## Stored data:
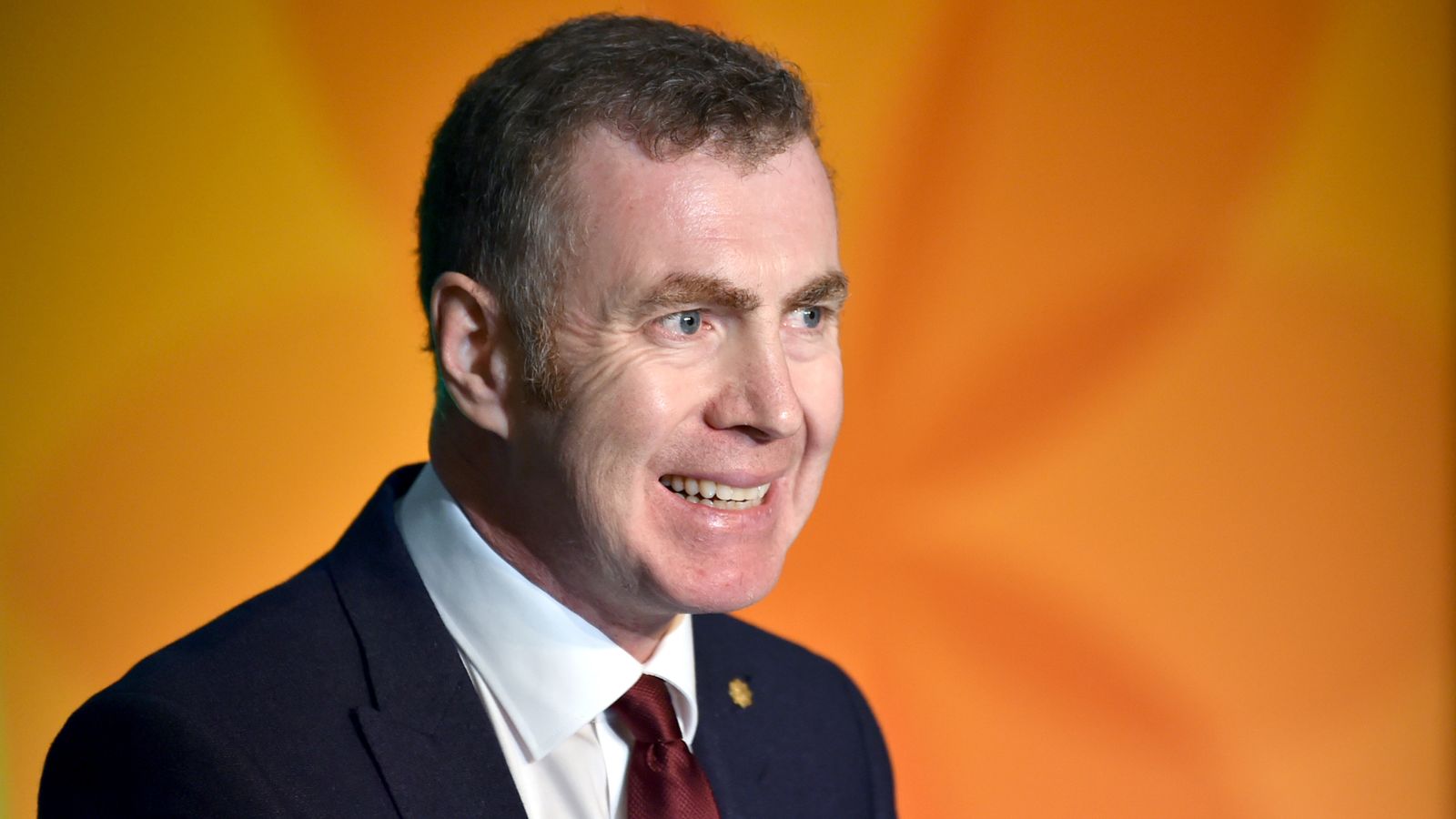 Adam Price: Former Plaid Cymru leader’s re-election uncertain under new voting system | UK News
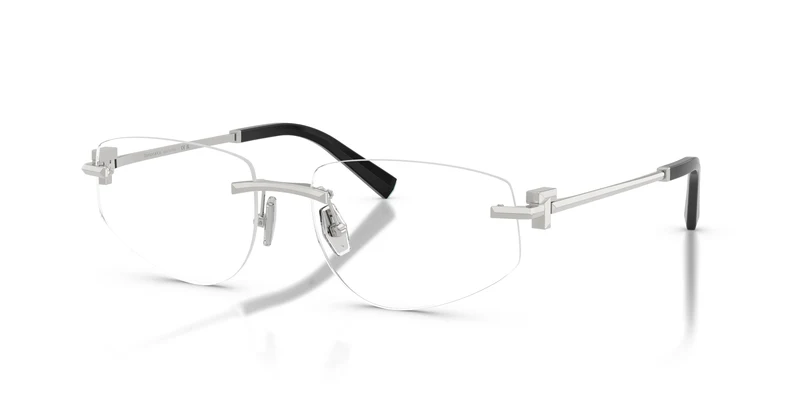 Tiffany TF1175 6001 56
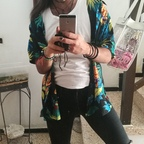 canarian Profile Picture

## What is required:
Produce a verbatim copy of the listing, leaving out all pictures.

## Completed task:
 Adam Price: Former Plaid Cymru leader’s re-election uncertain under new voting system | UK News
 Tiffany TF1175 6001 56
 canarian Profile Picture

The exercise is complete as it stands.